Tolstoy was a founding committee member (January 1989) of the now established War and Peace Ball, held annually in London, which raises funds for White Russian charities.[19] A member of the Royal Stuart Society since 1954, he is presently one of the vice-presidents.[20]
In October 1987, he was presented with the International Freedom Award by the United States Industrial Council Educational Foundation: "for his courageous search for the truth about the victims of totalitarianism and deceit."[3] In October 1991, Tolstoy joined a Conservative Monday Club delegation,[21] under the auspices of the club's Foreign Affairs Committee, and travelled to observe the war between Serbia and Croatia, the first British political delegation to observe that conflict.
Conservative MPs Andrew Hunter, and Roger Knapman, then a junior minister in the Conservative government (and from 2002 to 2006 leader of the United Kingdom Independence Party), were also part of the delegation which, after going to the front lines in the Sisak region, was entertained by President Franjo Tuđman and the Croatian government in Zagreb.
On 13 October the group held a Press Conference at the Hotel Intercontinental in Zagreb, which apart from the media, was also attended by delegates from the French government.

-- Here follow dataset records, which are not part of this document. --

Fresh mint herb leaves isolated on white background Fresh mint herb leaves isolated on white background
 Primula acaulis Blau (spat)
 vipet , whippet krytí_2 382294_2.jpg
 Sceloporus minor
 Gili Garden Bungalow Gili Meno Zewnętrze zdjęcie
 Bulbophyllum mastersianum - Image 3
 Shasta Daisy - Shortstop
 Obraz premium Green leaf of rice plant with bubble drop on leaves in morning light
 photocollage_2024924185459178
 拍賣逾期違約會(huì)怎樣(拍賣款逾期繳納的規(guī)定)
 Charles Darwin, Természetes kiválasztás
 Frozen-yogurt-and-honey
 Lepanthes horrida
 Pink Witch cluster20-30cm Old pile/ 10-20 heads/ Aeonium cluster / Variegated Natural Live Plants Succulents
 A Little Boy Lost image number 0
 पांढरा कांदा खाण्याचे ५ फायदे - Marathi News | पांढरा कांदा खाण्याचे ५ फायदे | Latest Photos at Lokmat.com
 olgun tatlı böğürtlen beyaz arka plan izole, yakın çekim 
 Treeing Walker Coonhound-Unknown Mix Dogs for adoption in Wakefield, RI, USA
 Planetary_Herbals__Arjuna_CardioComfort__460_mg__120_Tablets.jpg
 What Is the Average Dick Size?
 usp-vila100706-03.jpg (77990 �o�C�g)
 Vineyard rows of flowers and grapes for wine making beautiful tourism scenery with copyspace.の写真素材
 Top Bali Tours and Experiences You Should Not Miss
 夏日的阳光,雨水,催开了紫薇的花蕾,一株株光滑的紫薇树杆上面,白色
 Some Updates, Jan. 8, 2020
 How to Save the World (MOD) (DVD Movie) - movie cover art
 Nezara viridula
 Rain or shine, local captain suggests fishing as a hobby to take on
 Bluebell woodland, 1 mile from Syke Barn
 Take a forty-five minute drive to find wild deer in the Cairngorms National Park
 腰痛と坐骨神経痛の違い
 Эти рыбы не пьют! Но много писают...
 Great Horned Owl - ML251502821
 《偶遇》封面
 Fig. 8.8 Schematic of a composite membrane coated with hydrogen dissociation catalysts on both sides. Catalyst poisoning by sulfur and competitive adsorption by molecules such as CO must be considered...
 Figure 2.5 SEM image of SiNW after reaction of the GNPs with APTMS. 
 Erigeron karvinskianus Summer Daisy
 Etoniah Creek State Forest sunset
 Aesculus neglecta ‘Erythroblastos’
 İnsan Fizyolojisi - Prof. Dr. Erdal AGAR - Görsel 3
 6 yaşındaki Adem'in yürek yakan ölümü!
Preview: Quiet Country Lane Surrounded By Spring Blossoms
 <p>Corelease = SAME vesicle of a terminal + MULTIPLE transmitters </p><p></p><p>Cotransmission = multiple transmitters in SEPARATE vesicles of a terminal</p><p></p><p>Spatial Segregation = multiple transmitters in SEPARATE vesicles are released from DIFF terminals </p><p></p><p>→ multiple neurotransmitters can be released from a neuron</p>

A report on the conflict was agreed and handed in to 10 Downing Street by Andrew Hunter.
Tolstoy has stood unsuccessfully for the Eurosceptic and populist United Kingdom Independence Party (UKIP) as a parliamentary candidate in four British general elections, having first been asked by UKIP founder Alan Sked in November 1996.[22] Tolstoy was subsequently UKIP's candidate for the Barnsley East by-election in 1996; where he received 2.1% of the vote,[23] and for Wantage in the 1997 (0.8%),[24] 2001 (1.9%)[24] and 2005 general elections (1.5%).[24] Tolstoy stood for UKIP in Witney at the 2010 general election – against David Cameron – and received 3.5% of the vote.[25]
Family
Tolstoy is the head of the senior branch of the Tolstoy family, being descended from Ivan Andreyevich Tolstoy (1644–1713). He is a distant cousin to the author Leo Tolstoy (1828–1910) as Leo Tolstoy was descended from Pyotr Andreyevich Tolstoy (1645–1729), the younger brother of Ivan. Tolstoy's great-grandfather, Pavel Tolstoy-Miloslavsky, was chamberlain to the last Emperor, Nicholas II of Russia, who had declared his intention of creating him a Count for his services, but this was deferred due to the growing crisis in Russia during the First World War. When Grand Duke Kiril succeeded to the imperial inheritance and rights, he granted Pavel Tolstoy-Miloslavsky the title, an elevation which was approved by the Dowager Empress Maria Feodorovna and by Nicholas II's sisters Xenia and Olga.Tolstoy's father, Count Dimitri Tolstoy, escaped from Russia in 1920 and settled in the United Kingdom, granted British nationality in September 1946.[26] He entered the legal profession, was called to the bar, and later appointed a Queen's Counsel.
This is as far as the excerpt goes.